What considerations are important when designing time-course experiments to study DPYSL5 dynamics during treatment-induced neuroendocrine differentiation?

For time-course experiments investigating DPYSL5 in treatment-induced neuroendocrine differentiation:

• Experimental timeline design:

  • Early time points: 24h, 48h, 72h after treatment initiation

  • Intermediate points: 1 week, 2 weeks

  • Late time points: 4 weeks, 8 weeks, 12 weeks

  • Include recovery periods after treatment withdrawal

• Treatment protocol:

  • Use clinically relevant AR inhibitors like Enzalutamide (ENZ)

  • Implement dosing strategies that mimic clinical protocols

  • Include combination treatments relevant to clinical practice

• Sampling considerations:

  • Harvest matched samples for multiple analyses (protein, RNA, morphology)

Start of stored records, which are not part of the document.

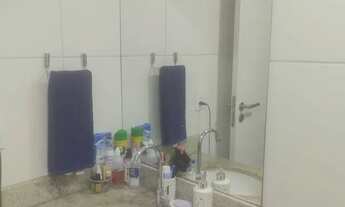 Imagem 5: Alugo quarto com banheiro no Aurora Trend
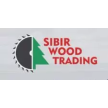 SIBIR WOOD TRADING D.O.O.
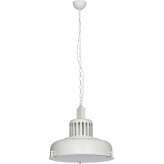 Lampa wisząca industrial i L 5532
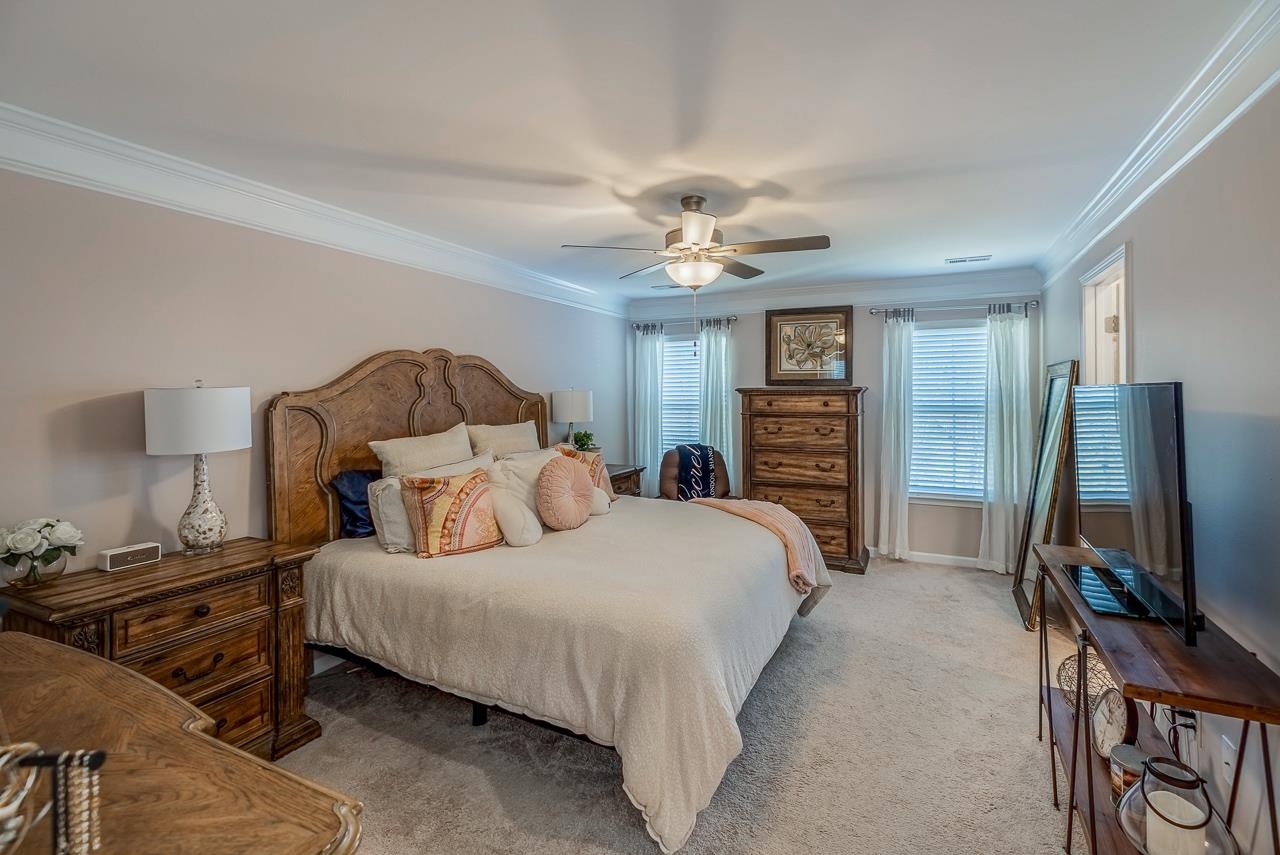 115 Muir Way, Piedmont, South Carolina image 26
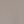 Neutral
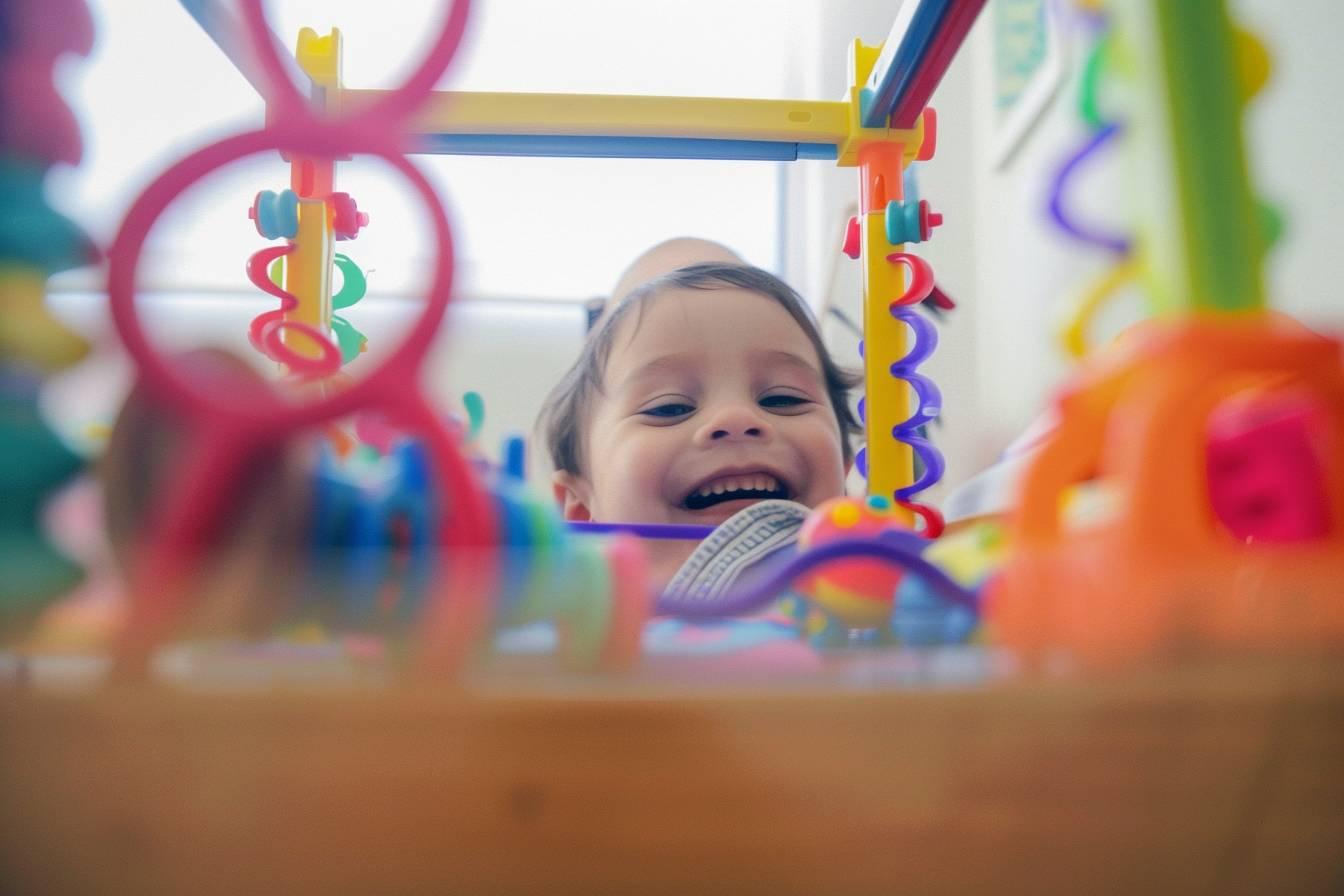 Créer et gérer un budget familial : Guide essentiel pour enfants et adultes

  • Include biological replicates at each time point

  • Maintain consistent sampling procedures throughout the time course

• Analytical approach:

  • Track DPYSL5 expression in relation to AR activity

  • Monitor the emergence of neuronal lineage markers (NSE, CGA, ASCL1)

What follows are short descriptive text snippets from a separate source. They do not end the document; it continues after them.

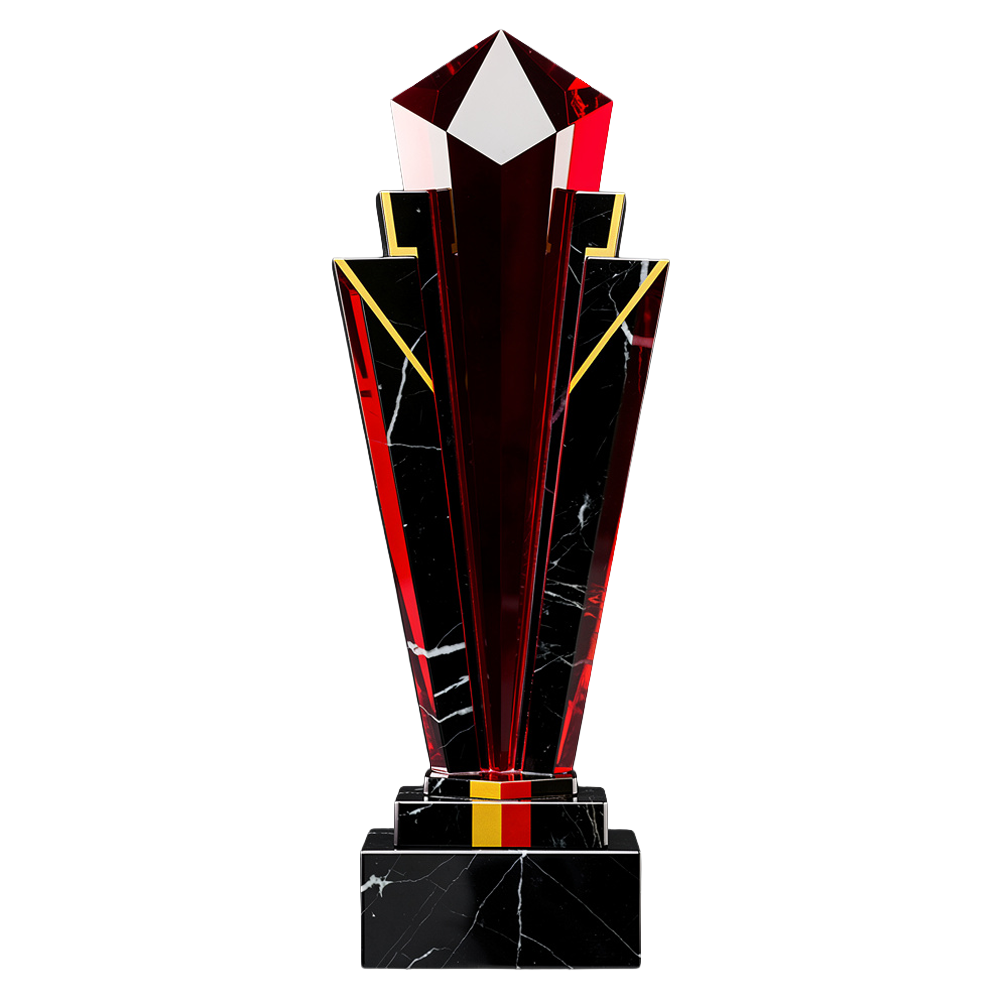 Trophäe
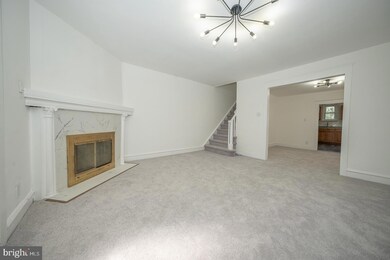 50 Elm Ave, Upper Darby, PA 19082 - photo 6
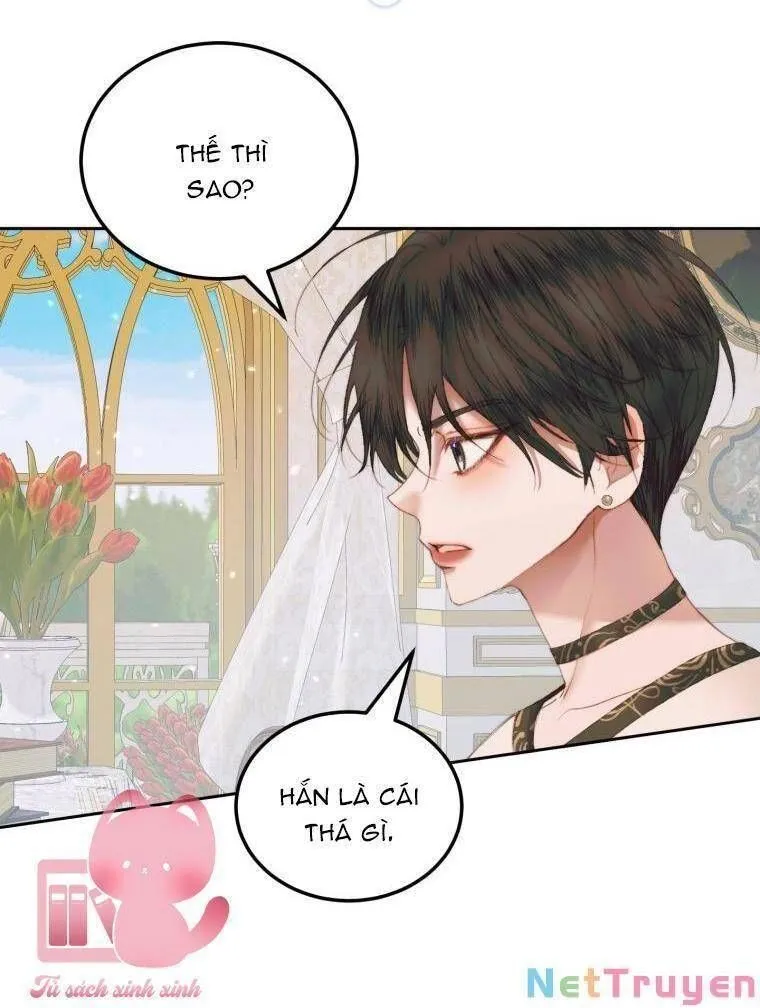 Trang 55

  • Assess EZH2 levels and H3K27 trimethylation status

  • Evaluate morphological changes using quantitative imaging metrics

• Mechanistic validation:

  • Implement DPYSL5 knockdown at critical time points to assess reversibility

  • Evaluate the impact of DPYSL5 depletion on ENZ-reduced cell proliferation and cell cycle arrest

  • Correlate changes in DPYSL5 with alterations in EZH2 and truncated JARID2 protein levels

How might the latest research on DPYSL5 inform future antibody-based therapeutic approaches for neuroendocrine cancers?

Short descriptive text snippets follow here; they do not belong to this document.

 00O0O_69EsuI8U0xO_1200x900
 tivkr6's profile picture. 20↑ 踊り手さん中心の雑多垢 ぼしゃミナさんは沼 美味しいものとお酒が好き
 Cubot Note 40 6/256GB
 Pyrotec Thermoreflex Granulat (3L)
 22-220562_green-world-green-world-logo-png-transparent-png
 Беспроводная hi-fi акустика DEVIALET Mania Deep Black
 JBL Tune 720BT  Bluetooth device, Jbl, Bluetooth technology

Recent research on DPYSL5 suggests several potential directions for antibody-based therapeutic approaches:

• Target validation considerations:

  • DPYSL5 is significantly upregulated in AR-negative treatment-induced neuroendocrine tumors

  • Its expression correlates with poor disease-free survival

  • DPYSL5 promotes cancer cell plasticity via EZH2-mediated PRC2 activation

• Therapeutic antibody development strategy:

  • Design antibodies that specifically target DPYSL5-expressing cancer cells

  • Develop antibody-drug conjugates delivering cytotoxic payloads to DPYSL5-positive cells

  • Consider bispecific antibodies targeting DPYSL5 and other neuroendocrine markers

• Combination therapy approach:

  • Pair DPYSL5-targeting antibodies with EZH2 inhibitors

  • Investigate synergy with conventional treatments for neuroendocrine tumors

  • Test efficacy in treatment-resistant models where DPYSL5 is highly expressed

• Biomarker utilization:

  • Use DPYSL5 antibodies for patient stratification in clinical trials

  • Develop companion diagnostics to identify patients likely to respond to DPYSL5-targeted therapies

  • Monitor treatment response using DPYSL5 expression dynamics

• Practical limitations to address:

  • Tumor heterogeneity and variable DPYSL5 expression within patients

  • Potential for resistance mechanisms through alternative pathways

  • Need for highly specific antibodies to avoid off-target effects in normal neural tissues

By integrating these considerations, researchers can leverage the growing understanding of DPYSL5 biology to develop novel therapeutic strategies for addressing the challenges of treatment-resistant neuroendocrine malignancies.